2. Experimental Part

Here, a series of samples of Zn_1−xSr_xO (x = 0, 0.005, 0.010, 0.015, 0.020, 0.025) are prepared by first making powder and then making blocks. The first step is to weigh ZnO and SrO powder samples (Sinopharm, 99.99%) in the Glovebox according to the stoichiometric ratio. The second step is to perform mechanical alloying high-energy ball milling (including ball milling in a protective atmosphere and ball milling with alcohol, for a total of 13 h). The third step is to dry the obtained powder for more than 48 h to remove moisture. The fourth step is to perform spark plasma sintering on the dried powder obtained (sintering temperature is 1273 K, sintering pressure is 60 MPa).The fifth step is to cut the obtained block sample and test parameters such as XRD, electrical conductivity, Seebeck coefficient, and thermal conductivity. We calculate the energy bands and density of states of materials based on computational materials science using Materials Studio software (8.0). The specific experimental process parameters, equipment models, and simulation methods can be found in the Supporting Materials [33], enabling other researchers to reproduce the experiment and build on the findings.

3. Results and Discussion

Figure 1 shows the bulk XRD pattern of Sr-doped ZnO samples. The XRD diffraction peaks of all samples are consistent with the diffraction peaks of ZnO (the PDF card for XRD detection of zinc oxide thermoelectric materials is #36-1451, which corresponds to zinc oxide with a hexagonal wurtzite structure), and no second phase is found in the samples after Sr doping. It is worth noting that the lattice constants (a and c) of the doped sample increase slightly compared with the undoped ZnO to a certain extent, which can be attributed to the difference in the ionic radius of the doped element and the substituted element (the ionic radius of Sr²⁺ (~1.18 Å) is larger than the ionic radius of Zn²⁺ (~0.74 Å)). The crystallography data as shown in

Table 1. The crystallography data results calculated by Castep module of Materials Studio.

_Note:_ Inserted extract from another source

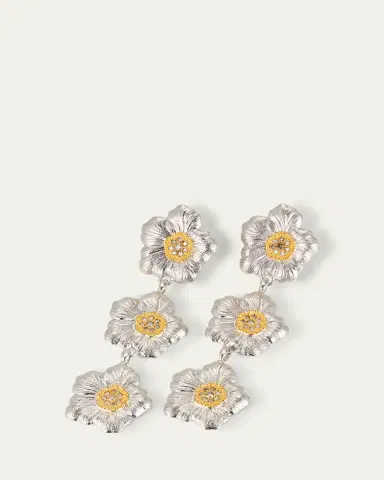 Buccellati Blossoms Gardenia Sterling Silver and 18K Yellow Gold Diamond Triple Drop Earrings | Thumbnail 3 Buccellati Blossoms Gardenia Sterling Silver and 18K Yellow Gold Diamond Triple Drop Earrings | Thumbnail 3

	Pristine ZnO	Sr Doped ZnO
Lattice constant a	~3.249 Å	~3.250 Å
Lattice constant c	~5.205 Å	~5.211 Å
Length of bond of O-Zn (I)	~2.006 Å	~1.818 Å–~1.862 Å
Length of bond of O-Zn (II)	~2.012 Å	~1.789 Å–~1.854 Å
Length of bond of O-Sr (I)	-	~2.018 Å
Length of bond of O-Sr (II)	-	~2.136 Å
Angle of O-Zn-O	~108.661°	~106.915°–~111.157°
Angle of Zn-O-Zn	~110.269°	~107.101°–~117.271°
Angle of O-Sr-O	-	~111.757°
Angle of Zn-O-Sr	-	~104.961°

before and after Sr doping, calculated by the first-principle method, are consistent with it. The lattice expansion caused by Sr doping should be due to Vegard’s law [34,35].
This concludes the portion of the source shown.